- Task instructions
From the line with "If a spinning" to the end of the data below, restate each line word for word, both ends included, without the pictures.

- Data segment
--*--
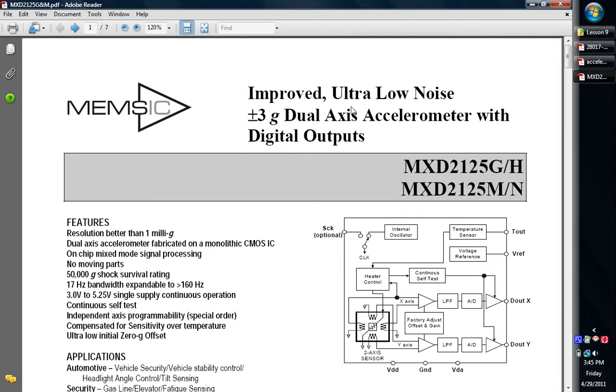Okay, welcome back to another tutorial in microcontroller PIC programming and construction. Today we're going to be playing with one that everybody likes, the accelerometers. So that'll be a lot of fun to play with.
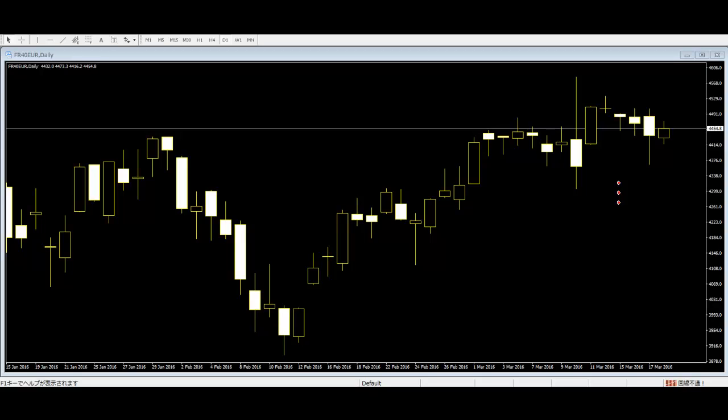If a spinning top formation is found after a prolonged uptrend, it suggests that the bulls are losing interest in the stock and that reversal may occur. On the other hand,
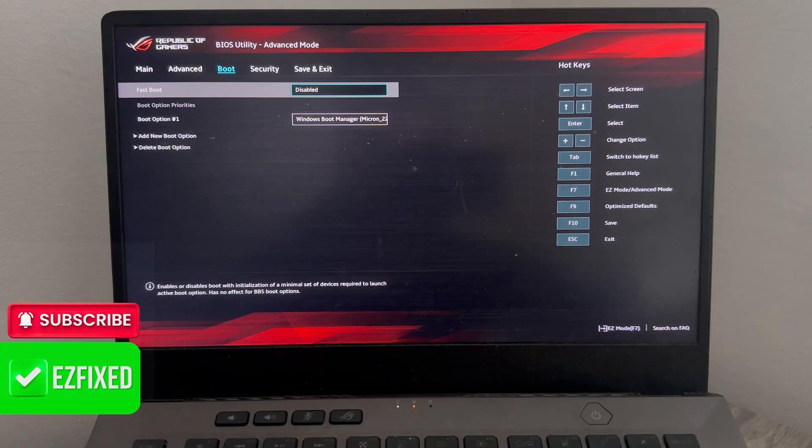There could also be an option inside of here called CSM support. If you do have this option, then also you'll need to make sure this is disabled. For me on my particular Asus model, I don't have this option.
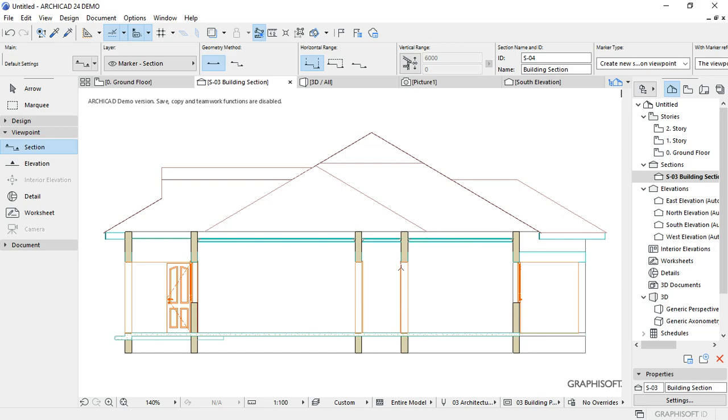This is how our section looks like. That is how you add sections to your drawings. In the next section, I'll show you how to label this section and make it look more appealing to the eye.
--*--
- Written solution
If a spinning top formation is found after a prolonged uptrend, it suggests that the bulls are losing interest in the stock and that reversal may occur. On the other hand,
There could also be an option inside of here called CSM support. If you do have this option, then also you'll need to make sure this is disabled. For me on my particular Asus model, I don't have this option.
This is how our section looks like. That is how you add sections to your drawings. In the next section, I'll show you how to label this section and make it look more appealing to the eye.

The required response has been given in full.